Having fled for his life, Moses is soon welcomed into a new community. The Midianites would have been a people living in the Sinai Peninsula area between Egypt and Israel. There is not a lot known about them from what I have read. What we do see is how God has opened their hearts to be part of Moses’ story. Moses’ own people, the Israelites, don’t recognize him. The people who adopted him, the Egyptians are out to kill him. Yet the Midianites have welcomed him with open arms.
Moses is given a wife and we hear about his first son, Gershom. Moses recognizes he is a foreigner in a foreign land. I understand how that feels now that we live in Mexico. I had never given it much thought for the 50+ years I lived in my home country. Living in different cities always posed a new challenge, but the culture was the same. In Mexico, so many things are different from anything I’ve ever known. It goes way beyond the language barrier of which I’m crushing. I’m embracing the fact I am now the foreigner in a foreign land. I rely all the more on God to show me how I can make a difference here.
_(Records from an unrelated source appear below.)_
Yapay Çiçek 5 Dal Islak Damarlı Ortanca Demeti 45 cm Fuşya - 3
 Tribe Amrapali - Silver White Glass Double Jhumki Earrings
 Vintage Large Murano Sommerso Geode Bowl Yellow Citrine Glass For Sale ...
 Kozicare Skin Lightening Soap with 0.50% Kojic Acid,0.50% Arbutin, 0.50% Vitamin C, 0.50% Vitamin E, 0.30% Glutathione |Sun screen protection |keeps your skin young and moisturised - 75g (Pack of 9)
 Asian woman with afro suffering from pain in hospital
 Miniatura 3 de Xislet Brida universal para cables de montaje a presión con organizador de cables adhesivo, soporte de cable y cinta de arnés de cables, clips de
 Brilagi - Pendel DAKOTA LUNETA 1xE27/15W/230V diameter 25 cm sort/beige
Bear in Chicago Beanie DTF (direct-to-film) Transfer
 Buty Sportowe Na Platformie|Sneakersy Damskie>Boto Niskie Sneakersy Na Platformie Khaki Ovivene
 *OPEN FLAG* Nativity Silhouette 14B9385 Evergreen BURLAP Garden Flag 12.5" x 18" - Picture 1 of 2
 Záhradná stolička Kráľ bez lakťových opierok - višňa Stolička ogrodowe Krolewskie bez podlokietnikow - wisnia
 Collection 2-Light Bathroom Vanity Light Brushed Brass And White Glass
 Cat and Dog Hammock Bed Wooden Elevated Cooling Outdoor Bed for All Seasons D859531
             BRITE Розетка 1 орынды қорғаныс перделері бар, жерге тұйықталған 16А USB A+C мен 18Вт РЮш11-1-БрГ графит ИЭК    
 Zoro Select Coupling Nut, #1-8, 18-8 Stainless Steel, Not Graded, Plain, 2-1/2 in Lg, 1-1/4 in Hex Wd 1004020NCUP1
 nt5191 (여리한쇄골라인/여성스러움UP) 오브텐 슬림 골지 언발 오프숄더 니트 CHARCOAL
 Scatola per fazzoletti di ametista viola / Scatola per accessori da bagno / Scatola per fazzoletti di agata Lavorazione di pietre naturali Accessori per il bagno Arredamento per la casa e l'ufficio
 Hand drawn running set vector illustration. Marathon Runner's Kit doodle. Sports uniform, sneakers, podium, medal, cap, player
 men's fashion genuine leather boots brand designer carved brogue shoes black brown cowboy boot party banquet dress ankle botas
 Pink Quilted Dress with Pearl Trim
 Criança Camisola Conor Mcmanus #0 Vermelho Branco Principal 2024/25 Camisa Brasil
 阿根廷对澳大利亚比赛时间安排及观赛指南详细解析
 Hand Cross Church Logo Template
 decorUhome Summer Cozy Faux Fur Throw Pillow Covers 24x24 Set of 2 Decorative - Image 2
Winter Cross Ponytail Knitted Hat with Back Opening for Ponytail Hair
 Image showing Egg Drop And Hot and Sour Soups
Can you imagine what it was like growing up as an Israelite wearing Egyptian clothes? Moses had to be so conflicted. He was probably immune to the suffering of “his” people living in the palace with his princess mother. It was probably a very posh upbringing, compared to what it would have been had he stayed with his birth mother.
In today’s passage, we see a frustrated Moses. He obviously knew they were “his” people and wanted to connect. His visit was probably innocent enough, at first. What he saw, an Egyptian beating one of the Hebrew slaves. That behavior wasn’t acceptable, but it seems Moses’ anger burned deeply as if he was the one being attacked. What did he do?
When you know a Bible story because you have read it, watched it on the big screen (The Ten Commandments with Charlton Heston), taught it in Sunday School for years, and read it some more…it can be hard to read it fresh. If this is your first time through the book of Exodus, fantastic! I’m so glad to have you here. But, if you’re like me, I challenge you to read as if it’s the first time. Allow God to show you something new.
That’s really my hope in writing these devotionals. As I am reading through the passages and reflecting on what they mean to me, I’m doing my best not to look ahead. The story will never change, but how it speaks to me can and will. If I let it. With all that being said, was there something that jumped out at you today?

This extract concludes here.